Demos = le Peuple  Kratos = Le pouvoir
Est-que se sont réellement les citoyens européens qui ont le pouvoir sur leurs vie? Non, l’Europe est gérée par la ploutocratique qui défendent les intérêts d’une minorité des gens privilégié, des privilèges auto-accordé, qui présentent à peine 1% de la population européenne.

La ploutocratie (du grec ploutos : richesse ; kratos : pouvoir) consiste en un système de gouvernement où l’argent constitue la base principale du pouvoir.

La Commission dispose d’un quasi-monopole de l’initiative des actes communautaires adoptés par la procédure ordinaire puisque les traités imposent presque toujours au Conseil de l’UE et au Parlement de se prononcer sur la base des propositions de la Commission. Ce pouvoir d’initiative est particulièrement important pour le développement des politiques communes.

La politique européenne est élaborée par la Commission en étroite collaboration avec l’European Round Table (ERT), un lobby qui rassemble les dirigeants des grandes multinationales européennes. L’European Round Table est associée à toutes les grandes décisions en matière économique, financière, sociale, ou environnementale.

Il existe ici un conflit d’intérêts flagrant, car au lieu de défendre l’intérêt général de la population européenne la commission européenne obéit aux lobbys des multinationales et des banques privées.

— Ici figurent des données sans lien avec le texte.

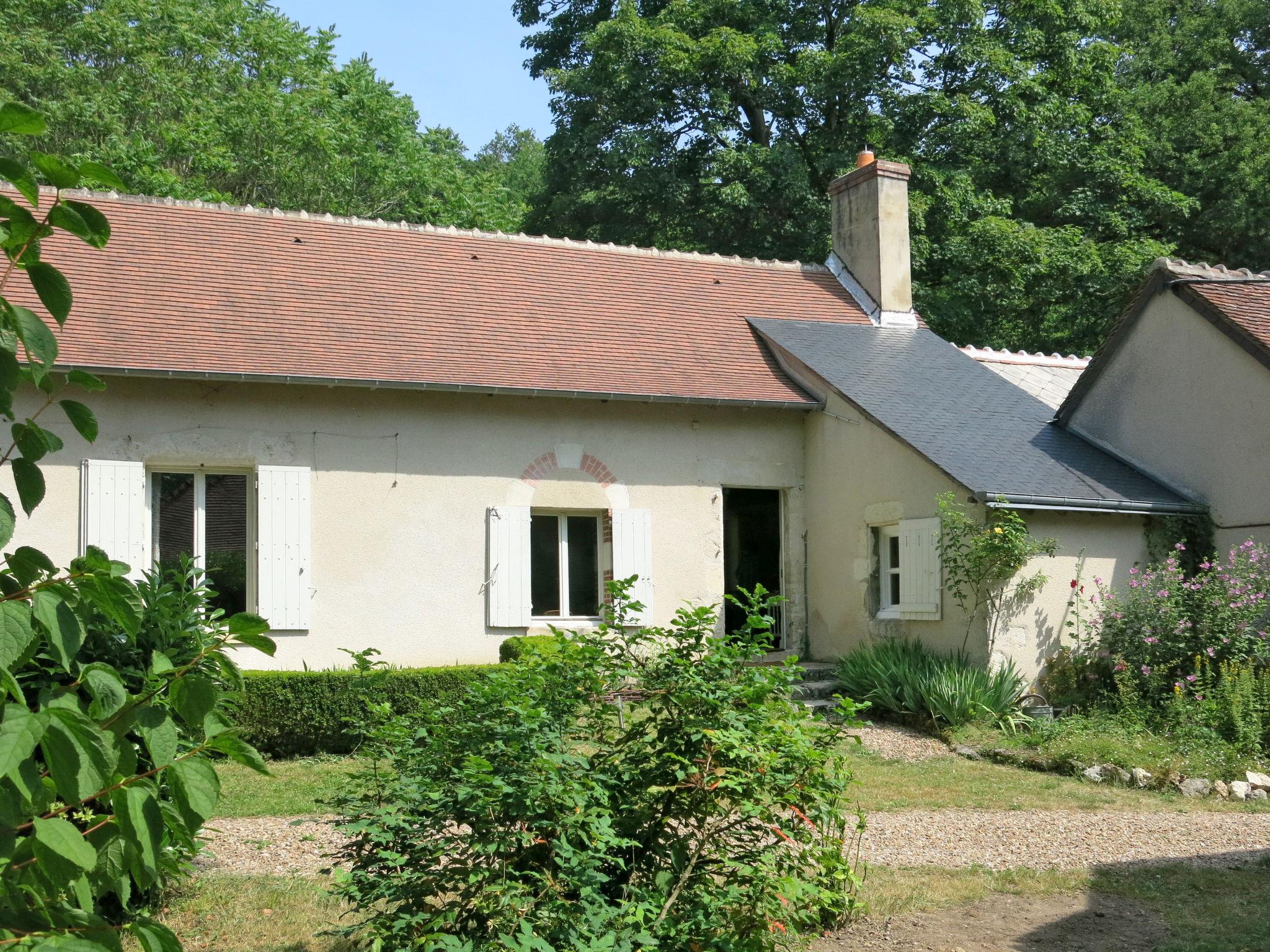 Foto 16 - Haus mit 1 Schlafzimmer in Veuzain-sur-Loire mit garten und terrasse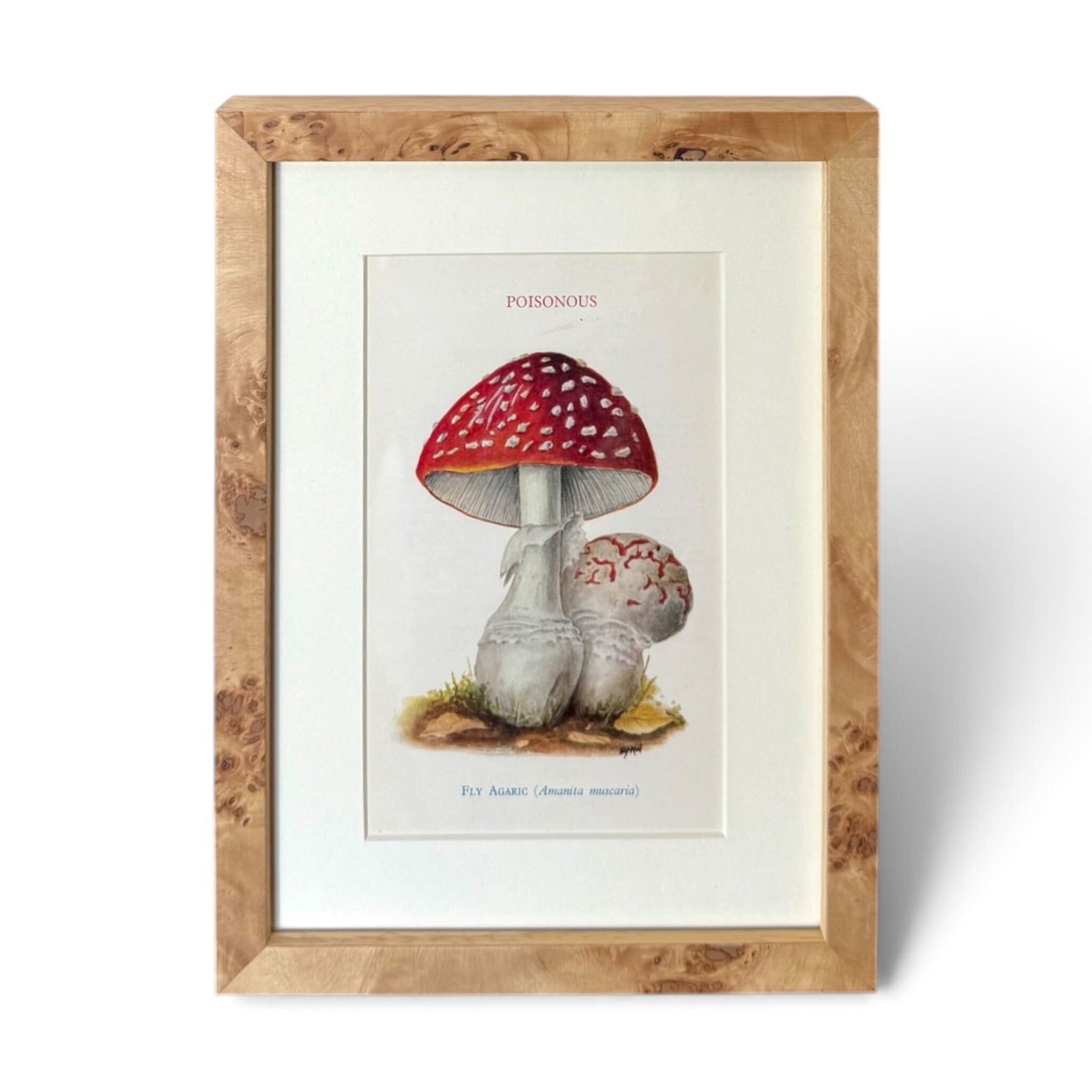 Framed vintage-style mushroom art print with a red-and-white spotted cap, white stem, and a smaller cracked mushroom beside it, set in a light wood frame on a white background.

Un exemple concret est celle du projet de l’étiquetage « feux tricolore » des aliments selon leur teneur en sel, sucre et matière de graisse projet qui na pas vue le jour à cause de la trop grande influence des groupes lobbyistes et des commissaires européens. Aucune instance européenne échappe aux lobbyistes comme démontre la vidéo suivante ou il est question de la corruptibilité d’un grand nombre des parlementaires européens.


25% des députés corrompus au Parlement européen par rikiai

Lorsque la Commission dispose de son pouvoir exclusif en matière d’initiative, elle est libre de déterminer le contenu de sa proposition et n’a d’instruction à ne recevoir de personne ; mais le Conseil de l’Union européenne, le Parlement européen et parfois même les États peuvent lui demander de soumettre des propositions sur certains sujets. En outre, rien n’interdit aux autres institutions de l’Union européenne de solliciter une initiative auprès d’elle.

Le parlement européen n’a qu’un rôle consultatif. Il donne son avis sur ce que pense faire ou fait la Commission mais même s’il n’est pas d’accord ça ne change rien. Il a quand même le pouvoir de proposer des directives, charge à la commission d’accepter ou non.

Que cela signifié t-il?
Nous allons élire des parlementaires européens qui ont un pouvoir très restreint et qui sont sousmises aux décisions de la commission européenne!
La commission peut proposer des lois mais pas le parlement!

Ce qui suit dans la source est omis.